Pictures must be left out. Retype exactly the lines from the one containing "Jones New York Sport® Lime Fitted Shirt" through the last line of the records below.

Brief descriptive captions
..............................

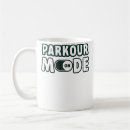 Search for urban exploration mugs Parkour athlete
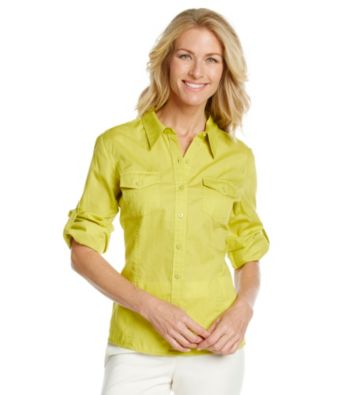 Jones New York Sport® Lime Fitted Shirt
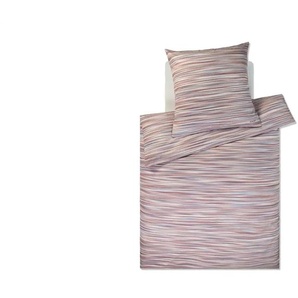 JOOP! Bettwäsche-Set - rosa/pink - Materialmix - 220 cm - 1 cm | Möbel Kraft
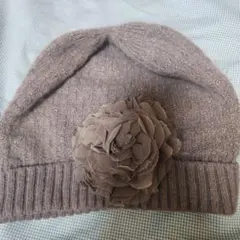 FURLAコサージュ付きニット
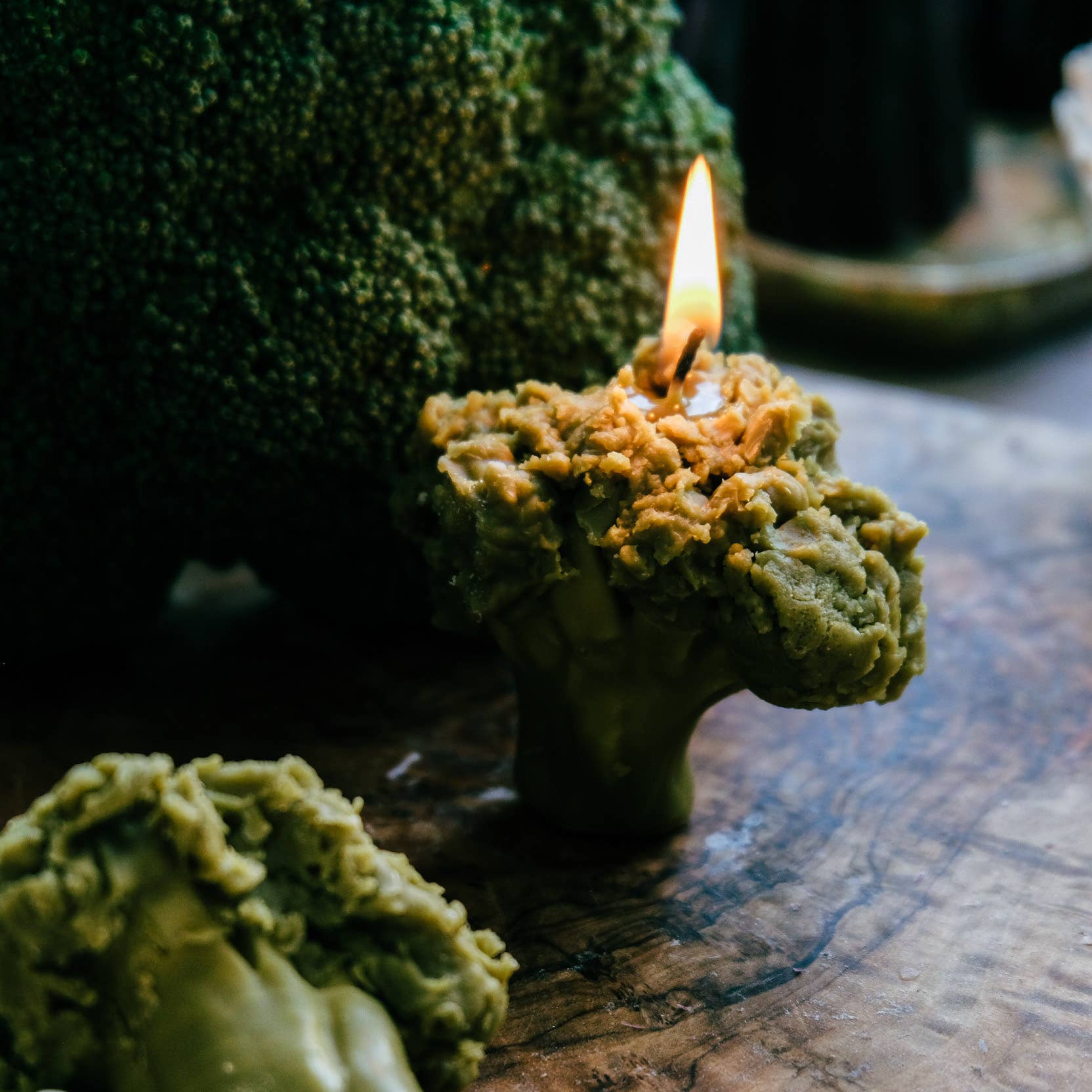 Veg Candles / Broccoli & Cauliflower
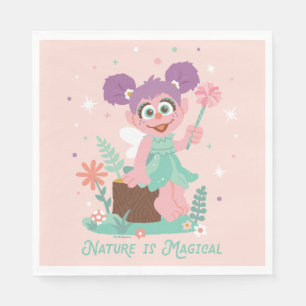 Abby Cadabby   Nature Is Magical Napkin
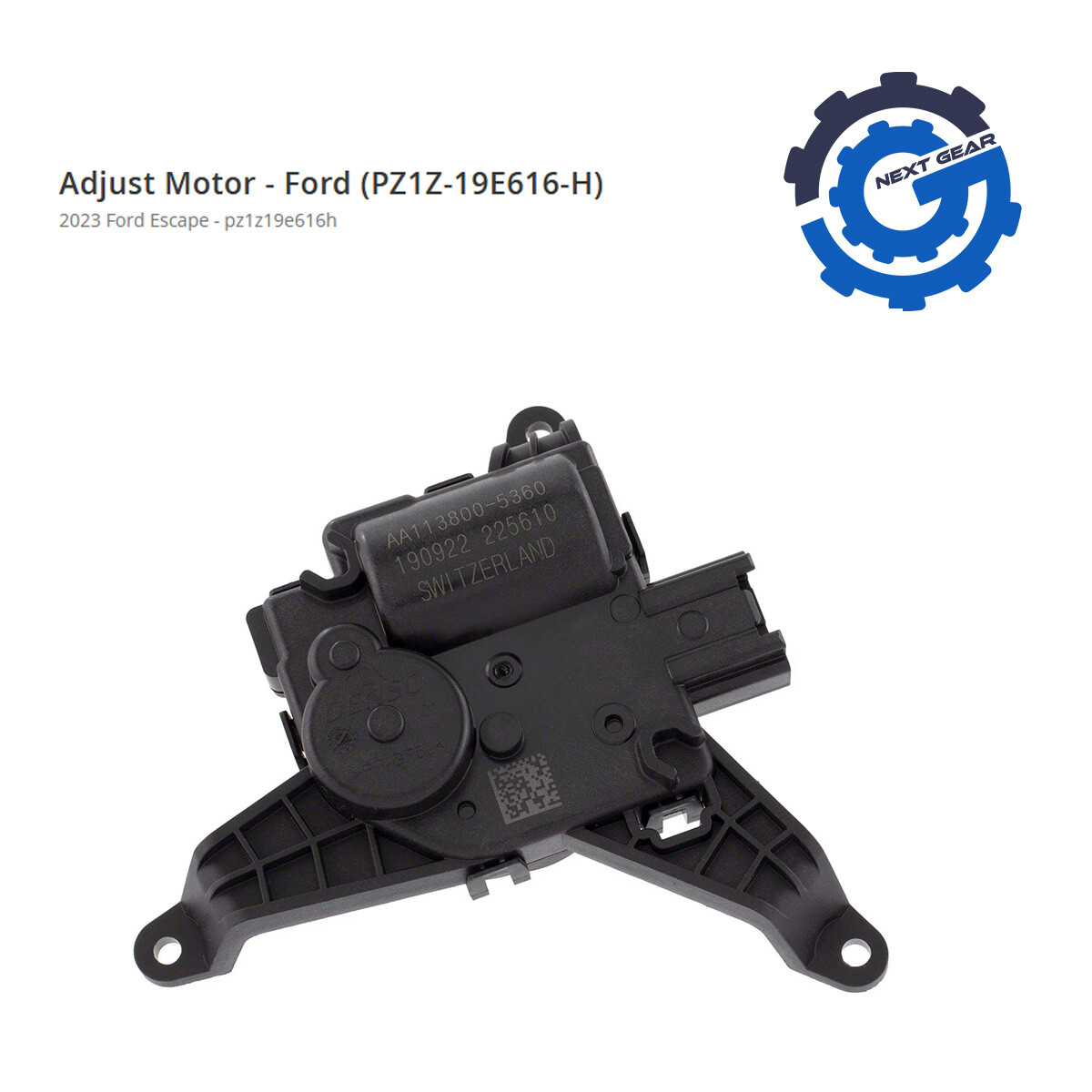 New OEM Ford HVAC Heater Blend Door Actuator 2020-2024 Explorer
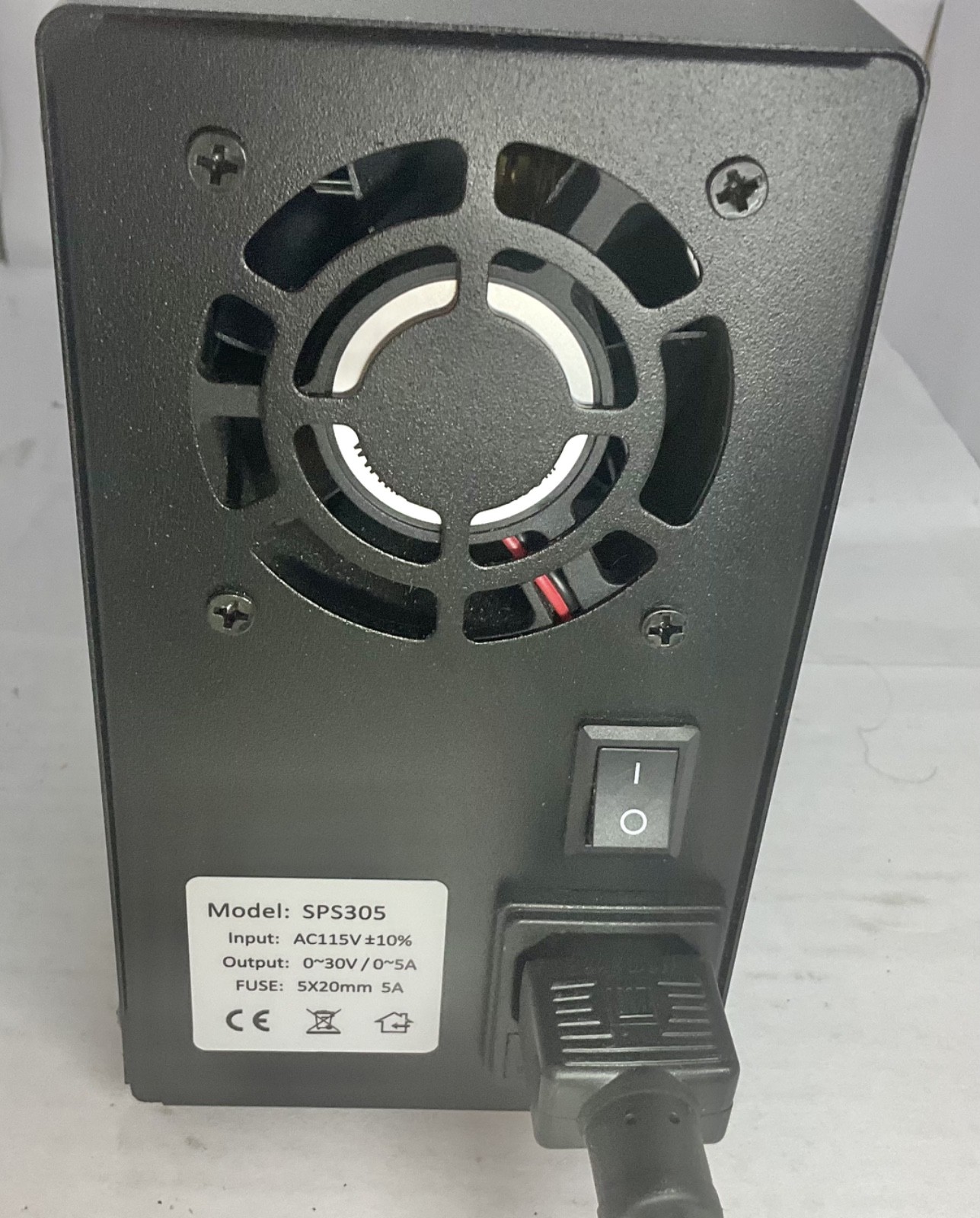 POWER SUPPLY 30V ADJUSTABLE DC 30V 5A Variable Switching Regulated.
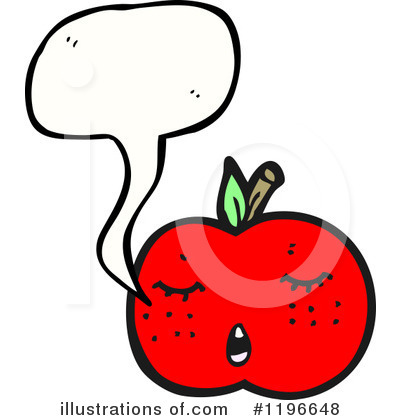 Royalty-Free (RF) Tomato Clipart Illustration by lineartestpilot - Stock Sample #1196648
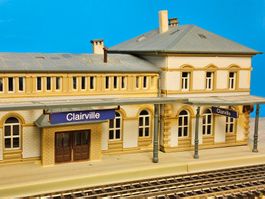 Faller 212114 _ Bahnhof Karlsberg _ 3 teilig _ Spur N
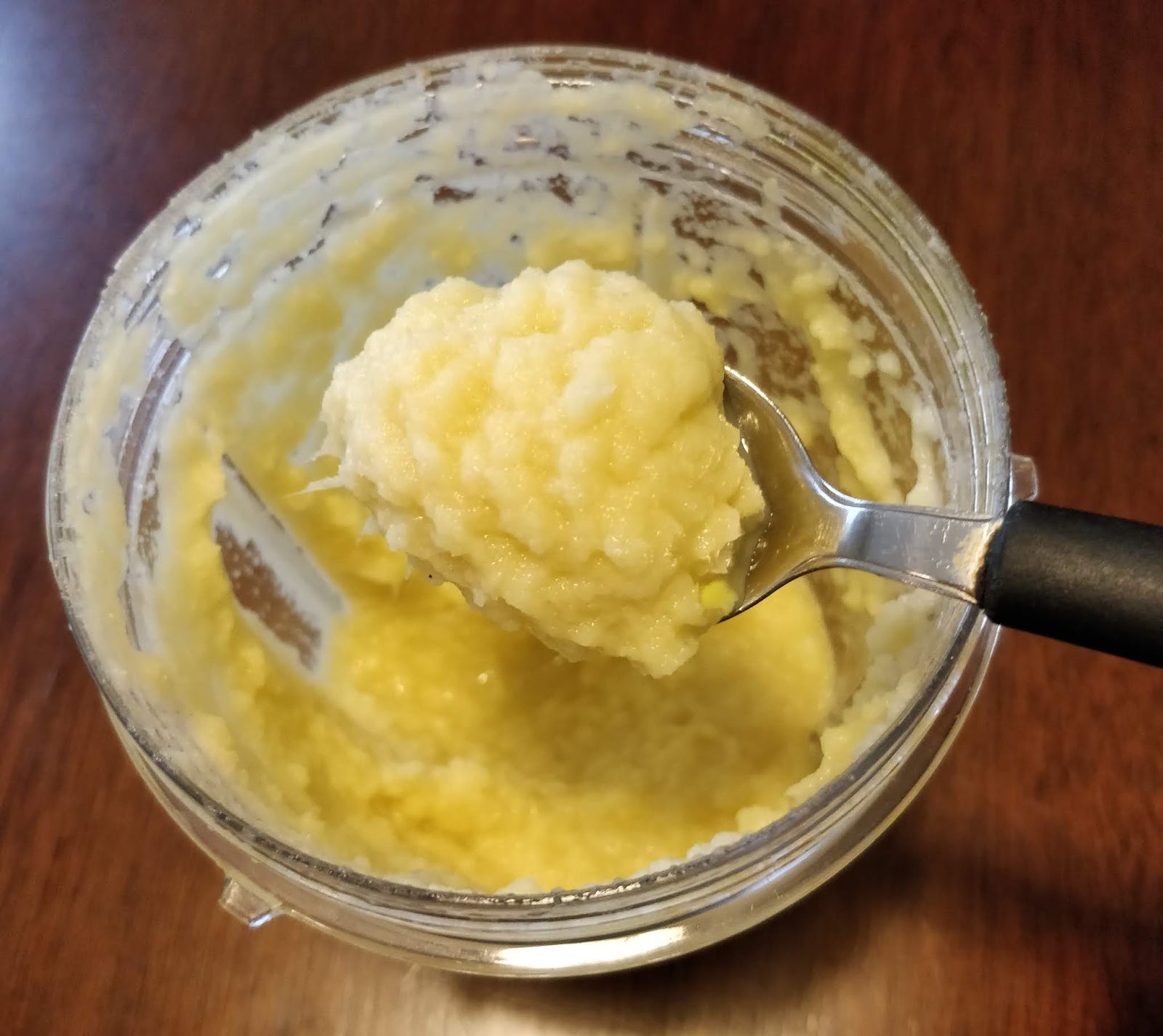 Frozen Ginger Garlic Paste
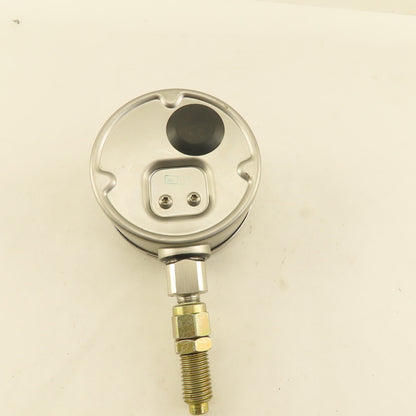 Noshok 0-6000PSI Glycerin Filled Pressure Gauge 4" Bottom Port 1/4" MIP Red Hand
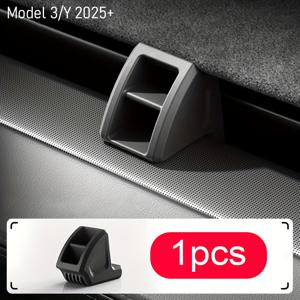 TEMU 테슬라 모델 Y/3용 USVOTOV 실리콘 에어 벤트 클립 - 센터 콘솔 아로마테라피 홀더, 튼튼한 블랙 차량 내부 액세서리, 안전 그립, 쉬운 설치, 차량 액세서리, 슬림 디자인, 유연한 디자인, 아로마테라피 홀더 클립, 센터 콘솔 오거나이저, 스타일리시 자동차 액세서리, 차량 정리 및 보관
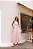 VESTIDO LONGUETE BOTÕES FRENTE ÚNICA COM GOLA - ROSA CLARO - Imagem 4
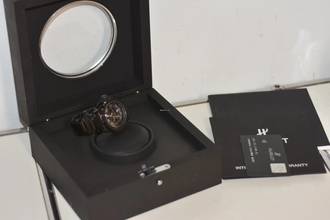 Thumbnail von Hublot Big Bang Integrated Integral Chronograph 451.CX.1140.CX All Black Limited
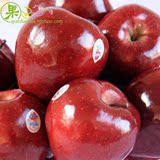 果多多新鲜水果 进口美国红蛇果 平安果红苹果 10个江浙沪皖包邮
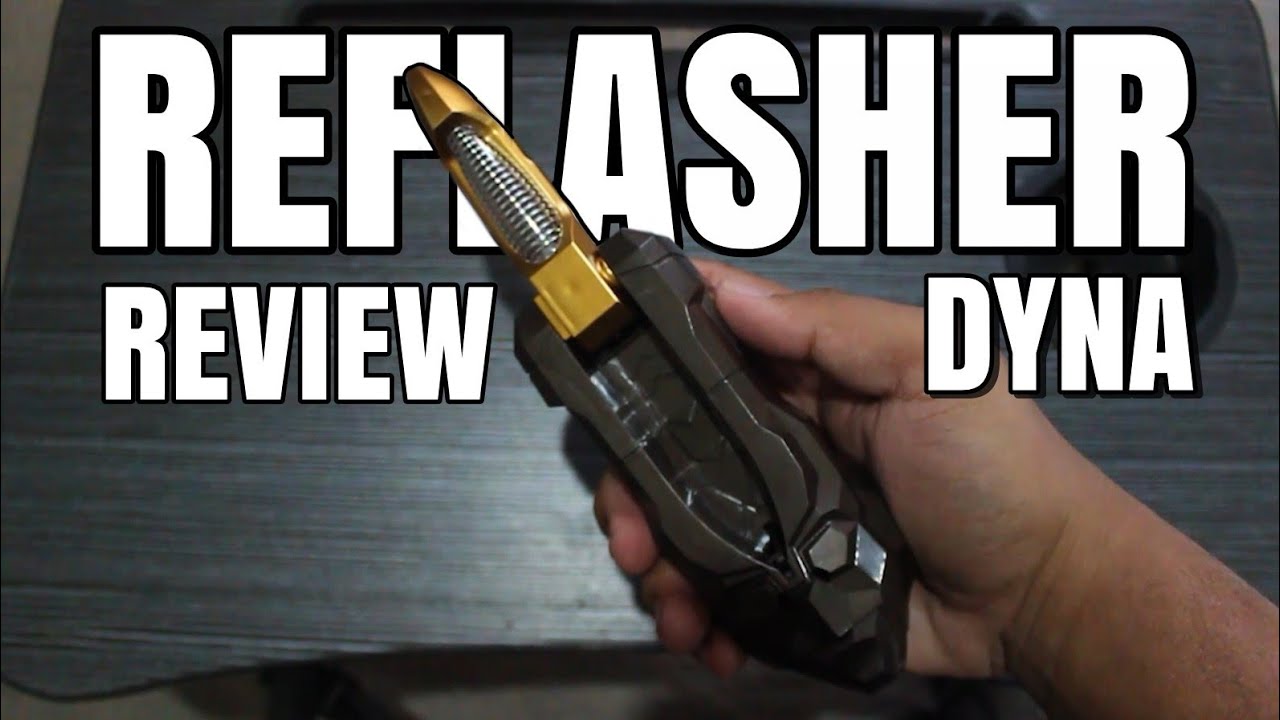 REVIEW REFLASHER ULTRAMAN DYNA (ALAT BERUBAH ULTRAMAN DYNA)
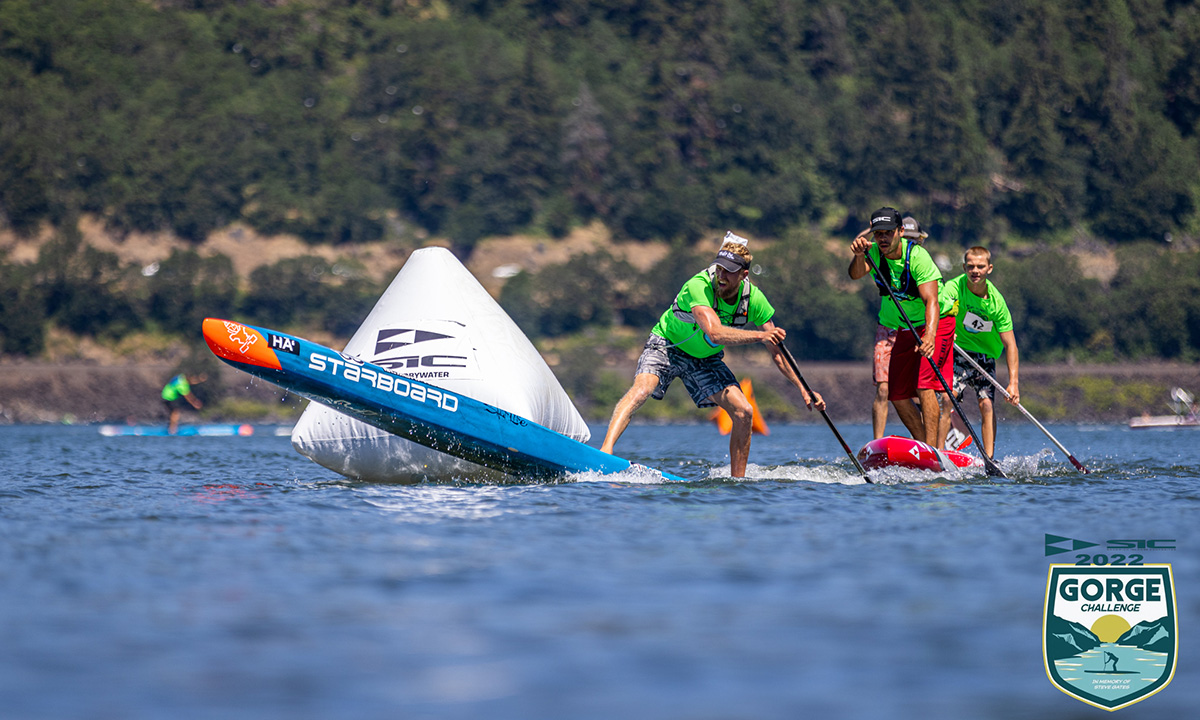 connor baxter buoy turn course gorge challenge 2022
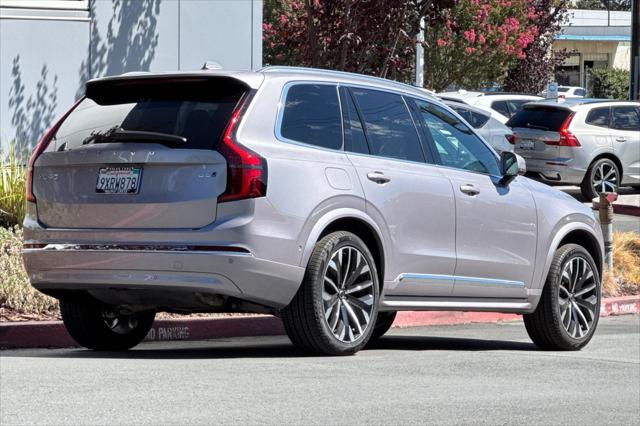 2026 Volvo XC90 Plus, B6 AWD Gas mild hybrid, Gasoline, Bright, 7 Seats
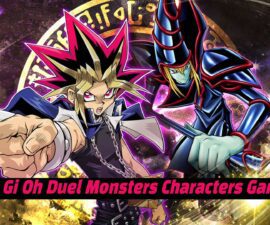 Yu Gi Oh Duel Monsters Characters Game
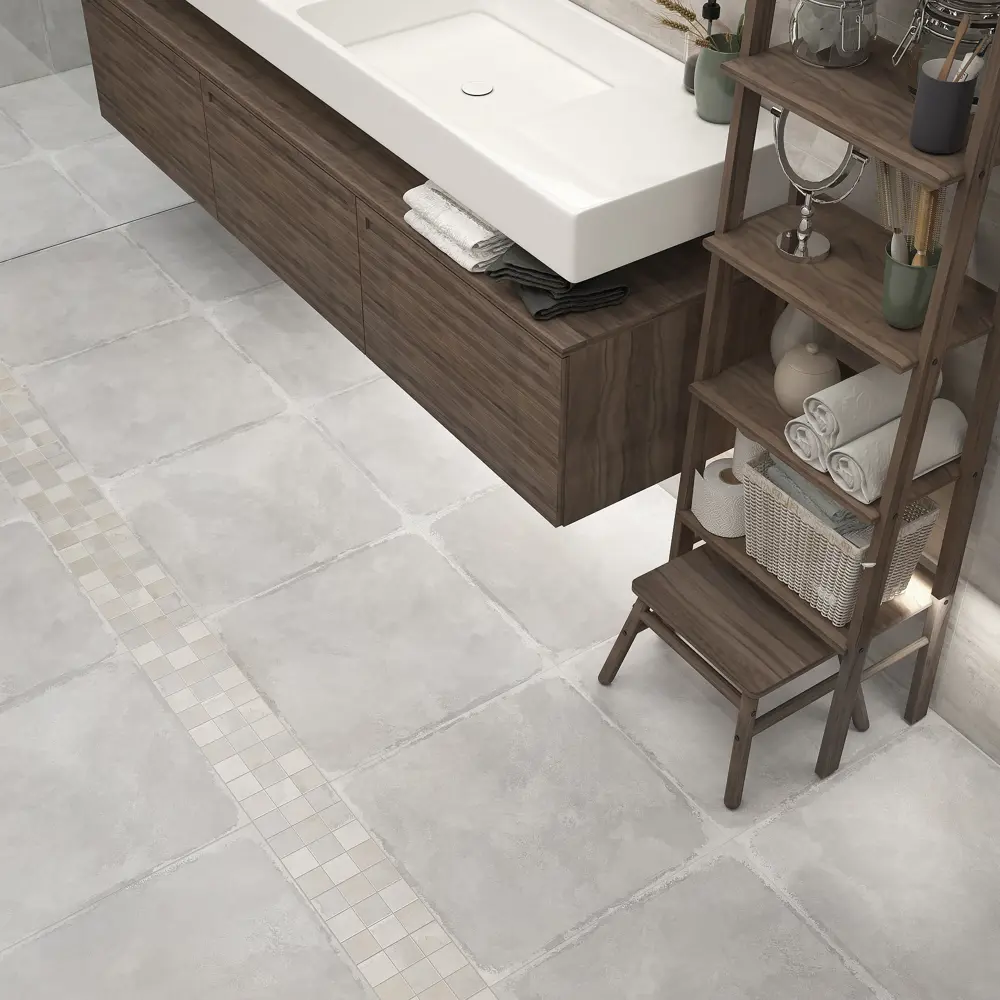 Керамогранит Керамин Логос 50x50 см 1.25 м² цвет серый STLM-2047599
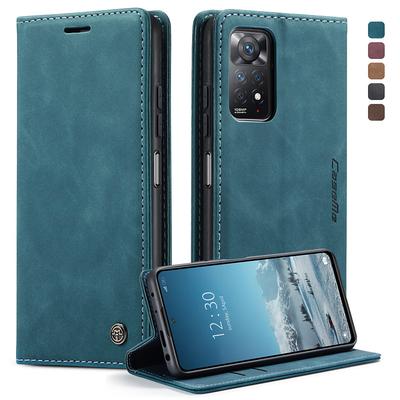 Phone Case For Xiaomi Universal Wallet Case Flip Cover Kickstand Shockproof TPU PU Leather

..............................

_Task output_.
 Jones New York Sport® Lime Fitted Shirt
 JOOP! Bettwäsche-Set - rosa/pink - Materialmix - 220 cm - 1 cm | Möbel Kraft
 FURLAコサージュ付きニット
 Veg Candles / Broccoli & Cauliflower
 Abby Cadabby   Nature Is Magical Napkin
 New OEM Ford HVAC Heater Blend Door Actuator 2020-2024 Explorer
 POWER SUPPLY 30V ADJUSTABLE DC 30V 5A Variable Switching Regulated.
 Royalty-Free (RF) Tomato Clipart Illustration by lineartestpilot - Stock Sample #1196648
 Faller 212114 _ Bahnhof Karlsberg _ 3 teilig _ Spur N
 Frozen Ginger Garlic Paste
 Noshok 0-6000PSI Glycerin Filled Pressure Gauge 4" Bottom Port 1/4" MIP Red Hand
 TEMU 테슬라 모델 Y/3용 USVOTOV 실리콘 에어 벤트 클립 - 센터 콘솔 아로마테라피 홀더, 튼튼한 블랙 차량 내부 액세서리, 안전 그립, 쉬운 설치, 차량 액세서리, 슬림 디자인, 유연한 디자인, 아로마테라피 홀더 클립, 센터 콘솔 오거나이저, 스타일리시 자동차 액세서리, 차량 정리 및 보관
 VESTIDO LONGUETE BOTÕES FRENTE ÚNICA COM GOLA - ROSA CLARO - Imagem 4
 Thumbnail von Hublot Big Bang Integrated Integral Chronograph 451.CX.1140.CX All Black Limited
 果多多新鲜水果 进口美国红蛇果 平安果红苹果 10个江浙沪皖包邮
 REVIEW REFLASHER ULTRAMAN DYNA (ALAT BERUBAH ULTRAMAN DYNA)
 connor baxter buoy turn course gorge challenge 2022
 2026 Volvo XC90 Plus, B6 AWD Gas mild hybrid, Gasoline, Bright, 7 Seats
 Yu Gi Oh Duel Monsters Characters Game
 Керамогранит Керамин Логос 50x50 см 1.25 м² цвет серый STLM-2047599
 Phone Case For Xiaomi Universal Wallet Case Flip Cover Kickstand Shockproof TPU PU Leather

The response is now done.